OCCUPATIONAL SAFETY AND HEALTH INDEPENDENT REVIEW OF OSHA CITATIONS ACT OF 2004

Mr. BOEHNER. Mr. Speaker, pursuant to House Resolution 645, I call up the bill (H.R. 2730) to amend the Occupational Safety and Health Act of 1970 to provide for an independent review of citations issued by the Occupational Safety and Health Administration, and ask for its immediate consideration in the House.

The Clerk read the title of the bill.

The SPEAKER pro tempore. Pursuant to House Resolution 645, the bill is considered read for amendment.

The text of H.R. 2730 is as follows:

H.R. 2730

Be it enacted by the Senate and House of Representatives of the United States of America in Congress assembled,

SECTION 1. SHORT TITLE.

This Act may be cited as the "Occupational Safety and Health Independent Review of OSHA Citations Act of 2003".

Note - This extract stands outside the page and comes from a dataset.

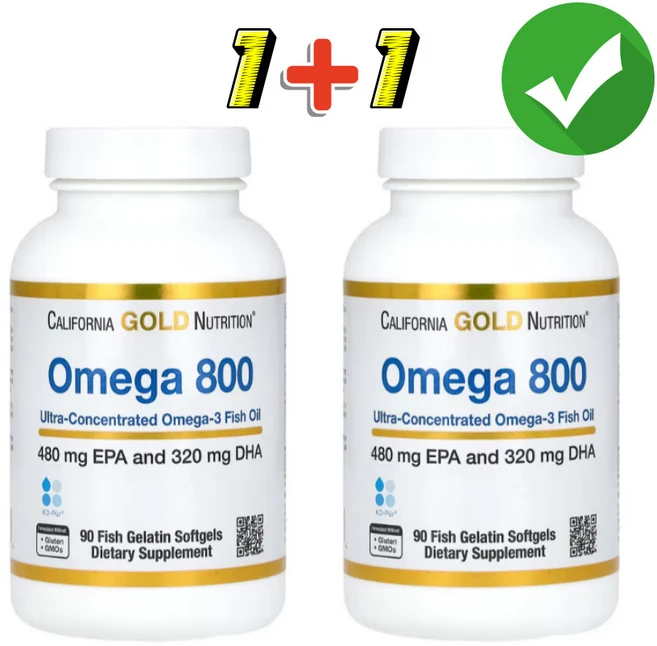 캘리포니아 골드 뉴트리션 오메가800 1000mg 30정 2팩 California Gold Nutrition Omega 800 1000mg 30 Softgels, 180정, 1개 - 쿠팡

SEC. 2. INDEPENDENT REVIEW.

Section 11(a) of the Occupational Safety and Health Act of 1970 (29 U.S.C. 660) is amended by adding the following at the end thereof: "The conclusions of the Commission with respect to all questions of law shall be given deference if reasonable.".

The SPEAKER pro tempore: Pursuant to House Resolution 645, the amendment printed in the bill, modified by the amendment printed in part B of House Report 108-497, is adopted.

The text of H.R. 2730, as amended, as modified, is as follows:

H.R. 2730

Be it enacted by the Senate and House of Representatives of the United States of America in Congress assembled,

SECTION 1. SHORT TITLE.

This Act may be cited as the "Occupational Safety and Health Independent Review of OSHA Citations Act of 2004".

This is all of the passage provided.